Amazon Tribe Reveals Western Life Is Killing Good Germs
Samples of germs taken from a tribe of once-isolated indigenous people in Venezuela’s Amazon region found that the tribesmen’s seclusion from the outside world until recently has allowed them to keep the highest diversity of bodily bacteria ever observed among humans.
The trillions of mainly beneficial bacteria our body uses for digestion and immunity have come under assault over the past 75 years by the use of antibiotics, and they are also diminished by the sanitary conditions people mainly enjoy in modern life.
Writing in the journal Science Advances, researchers say that comparing bacterial DNA from the Amazon’s Yanomami villagers with samples from U.S. residents reveals that microbes are about 40 percent less diverse in the American population.
The findings support the theory that lower microbial diversity now found in the developed world may be linked to immune and metabolic diseases like allergies, asthma and diabetes.
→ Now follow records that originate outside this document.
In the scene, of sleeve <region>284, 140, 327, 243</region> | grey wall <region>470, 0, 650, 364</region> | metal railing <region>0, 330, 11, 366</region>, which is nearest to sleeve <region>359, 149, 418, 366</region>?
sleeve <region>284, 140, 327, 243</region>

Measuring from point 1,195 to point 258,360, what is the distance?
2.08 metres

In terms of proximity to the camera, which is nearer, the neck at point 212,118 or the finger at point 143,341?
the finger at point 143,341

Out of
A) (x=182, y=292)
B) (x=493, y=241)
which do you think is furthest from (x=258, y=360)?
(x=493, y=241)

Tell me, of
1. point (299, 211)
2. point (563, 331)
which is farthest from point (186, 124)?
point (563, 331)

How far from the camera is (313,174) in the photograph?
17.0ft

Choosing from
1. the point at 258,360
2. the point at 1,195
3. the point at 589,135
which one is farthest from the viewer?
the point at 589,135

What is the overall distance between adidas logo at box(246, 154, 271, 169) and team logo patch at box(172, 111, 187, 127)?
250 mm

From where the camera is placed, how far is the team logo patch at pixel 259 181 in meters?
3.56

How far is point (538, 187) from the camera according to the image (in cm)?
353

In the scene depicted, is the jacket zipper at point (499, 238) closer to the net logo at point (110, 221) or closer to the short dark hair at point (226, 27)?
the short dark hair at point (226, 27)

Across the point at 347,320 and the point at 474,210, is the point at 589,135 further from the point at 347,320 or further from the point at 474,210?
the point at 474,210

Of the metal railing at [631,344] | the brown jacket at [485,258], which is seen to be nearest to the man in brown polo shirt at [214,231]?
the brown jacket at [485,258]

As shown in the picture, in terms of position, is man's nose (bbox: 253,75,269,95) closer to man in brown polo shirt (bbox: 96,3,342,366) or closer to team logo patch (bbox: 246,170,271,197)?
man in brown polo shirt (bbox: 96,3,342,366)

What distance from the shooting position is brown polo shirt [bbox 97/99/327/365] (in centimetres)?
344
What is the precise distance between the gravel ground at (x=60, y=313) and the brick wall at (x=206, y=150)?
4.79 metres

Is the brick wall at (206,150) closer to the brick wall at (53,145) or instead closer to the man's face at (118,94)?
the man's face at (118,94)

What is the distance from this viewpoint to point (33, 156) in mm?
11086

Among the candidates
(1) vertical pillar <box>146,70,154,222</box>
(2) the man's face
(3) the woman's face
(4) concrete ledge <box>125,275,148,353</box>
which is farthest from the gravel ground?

“The challenge is to determine which are the important bacteria whose function we need to be healthy,” said researcher M. Gloria Dominguez-Bellow of New York University.
Massive Poison Spray in New Zealand Wipes out Pests
New Zealand’s contentious program to eradicate rats, possums and stoats by dropping toxins and placing traps has brought the populations of those pests to undetectable or very low levels at most sites, officials say.
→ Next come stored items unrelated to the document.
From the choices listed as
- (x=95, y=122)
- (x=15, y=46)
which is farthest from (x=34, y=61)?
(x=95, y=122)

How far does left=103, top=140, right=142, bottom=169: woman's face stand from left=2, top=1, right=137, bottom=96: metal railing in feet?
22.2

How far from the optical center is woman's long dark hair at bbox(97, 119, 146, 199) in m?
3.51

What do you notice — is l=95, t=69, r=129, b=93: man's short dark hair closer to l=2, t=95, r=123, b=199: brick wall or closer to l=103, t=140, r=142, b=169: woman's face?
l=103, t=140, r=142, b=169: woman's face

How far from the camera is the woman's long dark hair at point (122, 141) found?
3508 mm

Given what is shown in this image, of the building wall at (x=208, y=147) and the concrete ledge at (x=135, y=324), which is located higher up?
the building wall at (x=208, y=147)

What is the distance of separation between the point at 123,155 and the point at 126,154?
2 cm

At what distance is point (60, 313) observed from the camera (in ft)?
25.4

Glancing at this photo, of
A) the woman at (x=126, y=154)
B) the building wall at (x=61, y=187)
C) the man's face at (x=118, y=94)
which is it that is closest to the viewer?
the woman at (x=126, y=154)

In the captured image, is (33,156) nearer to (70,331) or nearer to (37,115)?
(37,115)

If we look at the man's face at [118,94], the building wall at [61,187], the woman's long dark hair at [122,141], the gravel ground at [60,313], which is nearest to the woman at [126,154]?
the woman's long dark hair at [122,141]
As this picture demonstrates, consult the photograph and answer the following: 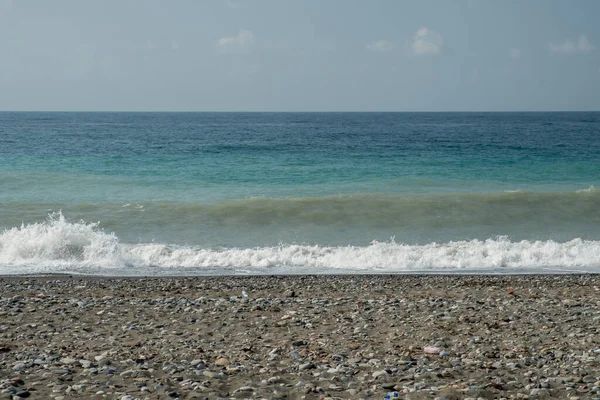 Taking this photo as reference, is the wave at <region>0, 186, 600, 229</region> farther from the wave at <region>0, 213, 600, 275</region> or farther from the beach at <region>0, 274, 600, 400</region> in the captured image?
the beach at <region>0, 274, 600, 400</region>

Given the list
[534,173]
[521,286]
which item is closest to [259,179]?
[534,173]

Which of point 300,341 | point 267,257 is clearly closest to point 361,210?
point 267,257

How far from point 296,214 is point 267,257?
5394 millimetres

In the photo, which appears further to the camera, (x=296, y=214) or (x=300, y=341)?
(x=296, y=214)

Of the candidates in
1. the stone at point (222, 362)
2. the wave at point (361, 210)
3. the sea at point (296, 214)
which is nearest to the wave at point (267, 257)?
the sea at point (296, 214)

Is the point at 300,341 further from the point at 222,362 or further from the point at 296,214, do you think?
the point at 296,214

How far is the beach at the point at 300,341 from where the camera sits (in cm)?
597

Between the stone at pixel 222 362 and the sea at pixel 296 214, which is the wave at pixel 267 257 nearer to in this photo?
the sea at pixel 296 214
The country’s Department of Conservation announced that its field monitoring of sites across the South Island shows that a small number of the endangered birds the program was intended to protect died during the poisoning.
But they said a 1-in-15-year bumper crop of beech seeds would have fueled a huge population explosion of the invasive pests had the poisoning program not been launched last year.
The department also said the breeding success of rock wren, robin and other bird species was significantly higher in areas treated with the controversial poison known as 1080.
Conservation Minister Maggie Barry told reporters that the program’s success is “a welcome victory for endangered native species.”
Roundup of Global Volcanic Activity
Villarrica (Central Chile): SERNAGEOMIN reported weak strombolian activity during the past days and the presence of a small oscillating lava lake in the summit crater’s inner pit.
The explosions were limited to the crater area and ejected material to up to 100 m from the vent. A slight increase in activity was noted yesterday morning by local media. Bright glow is visible at the volcano’s summit at night.
The Alert Level remained at Orange and (the second highest level on a four-color scale) and a 5 km access restriction zone is in place. A major risk could be lahars caused by sudden melting of snow if more intense activity sets in.
Calbuco (Southern Chile and Argentina): The volcano has so far stayed calm, but the alert level remains at red because another explosion could occur. A major problem in this situation seems to be that eruptions such as the recent one are likely to remain something impossible to predict – at least in some cases.
It seems that the eruption on Wednesday evening was only preceded by 15 minutes (!) of an intense intense earthquake swarm that could reasonably have been served as a clear warning sign.
The twin blasts from the Calbuco volcano in southern Chile sent vast clouds of ash into the sky, covering this small town with thick soot and raising concerns on Thursday that the dust could contaminate water, cause respiratory illnesses and ground more flights.
Ensenada, in the foothills of the volcano, looked like a ghost town but for an occasional horse or dog roaming its only street. Most of the 1,500 residents had evacuated after the initial eruption Wednesday, with only about 30 people refusing to leave out of worry for their homes and animals.